The a61nx machines feature 14,000-rpm, high-speed high-power spindles with 240 N•m of torque, making them well-suited for automotive part production. Non-cut times are minimized through 1g axis acceleration and a standard direct-drive motor B axis. Robust casting design and roller-type linear guides ensure that the entire a61nx work envelope can be effectively utilized. The mills also are equipped with an optional fixture hydraulic unit clamping system that speeds up parts loading and unloading.
Loaring pointed out that the off-road steering parts are challenging to machine. Their design requires holding a positioning of ±0.0002″ (0.005 mm), working between 0, 90 and 180 degrees.”Repeatability is excellent with the a61nx. I rarely have to make a positional offset and usually that’s because of variations in the castings. The a61nx machines do exactly what they are programmed to do,” Loaring stated.
In working with Makino, Tennessee Tool’s leaders found opportunities to talk with the machine tool builder’s engineers about other machining needs. Makino was designing a horizontal machining center specifically for high-volume production of aluminum parts and sought input from Raulin and others at Tennessee Tool.
They asked us what we wanted to see in a machine we could use on aluminum castings. We told them it had to be extremely fast. We wanted to make sure it was only machining near-net parts with minimal material removal,” Raulin recalled. “We also said we needed a small cube machine with a small footprint.”
Makino responded by introducing in 2014 the a40, a 400-mm, four-axis HMC purpose-built for die-cast parts production and asking Tennessee Tool to participate in a beta test program for a year. Palmer and Raulin put the a40 into production for an engine valve cover for a major OEM. The parts already where being produced on commodity machines using a modular fixturing system developed by Tennessee Tool so that Raulin’s manufacturing team could accurately compare their existing cycle times to what the a40 delivered.
“As a machine house, time is money,” Raulin observed. “The more parts we can make in the least amount of time goes right to the bottom line. What we found with the a40 is that our cycle times decreased by 20%, and that opened up 20% more capacity and, of course, profitability increased in turn.”
The speed of the a40 and its reliability so impressed the Tennessee Tool team that they invested in a second a40 after only eight months of beta testing. Uptime was 90% with the remaining 10% for setup and preventive maintenance. After the year-long test period ended, Tennessee Tool purchased the beta machine, too.

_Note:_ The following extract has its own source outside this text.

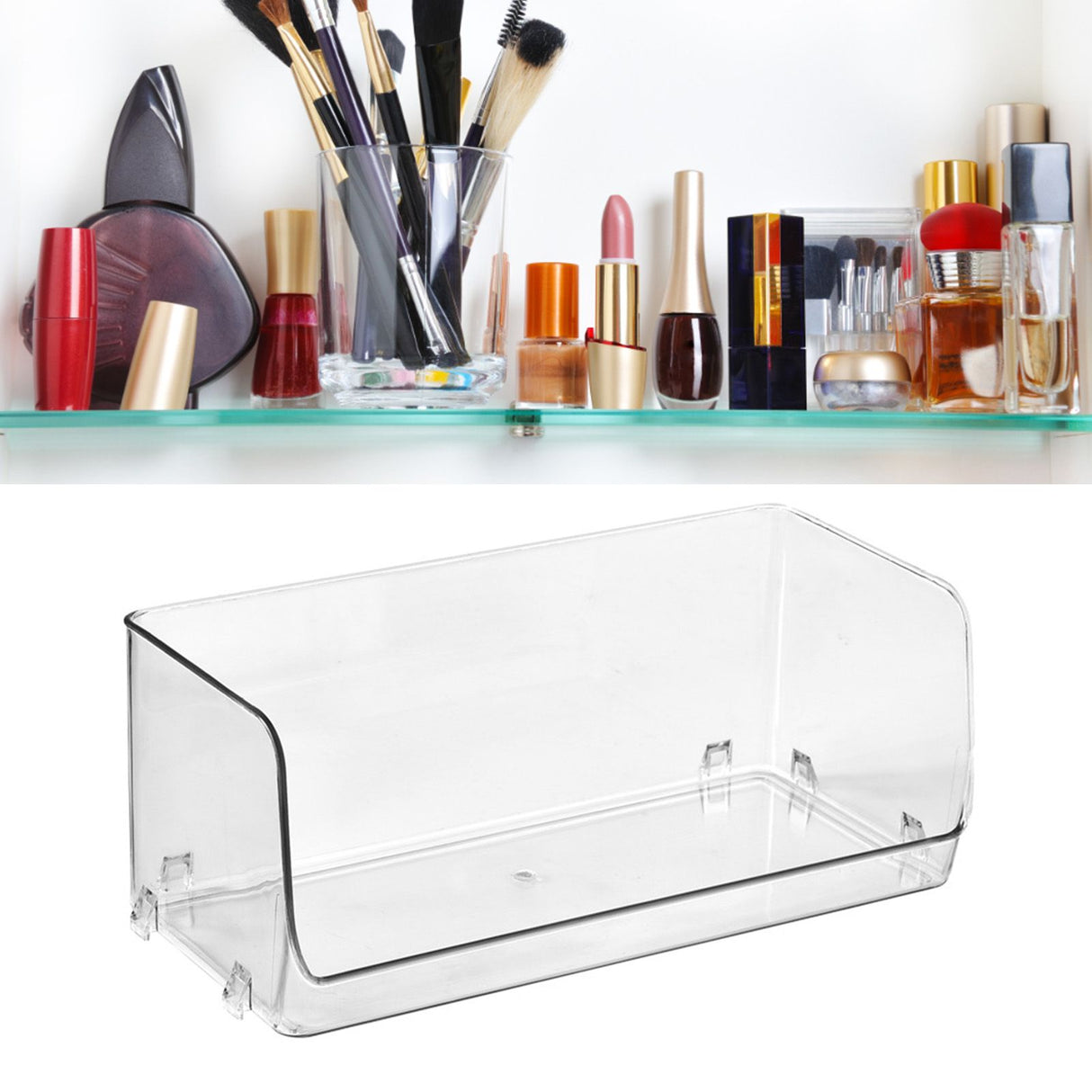 Cosmetic Display Case Multifunction Stackable Plastic Transparent Makeup Organizer for Home 32x15x12.8cm/12.6x5.9x5.3in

“We noticed that with the a40 cycle times decreased right away. And then the tolerancing and the repeatability of the machine itself make it possible for us to look at what we’re able to do from a dimensional standpoint and pursue more new business with tighter-tolerance parts,” Raulin said.
Working with Makino, Raulin said his team has learned the value of aligning with a machine tool builder that acts like a business partner instead of just a vendor. “Service is paramount in our mind,” said Raulin. “With the low downtime that we have with the a40s and the a61nx machines, and the service response that we get from Makino, it made the best sense for us to move forward with them.”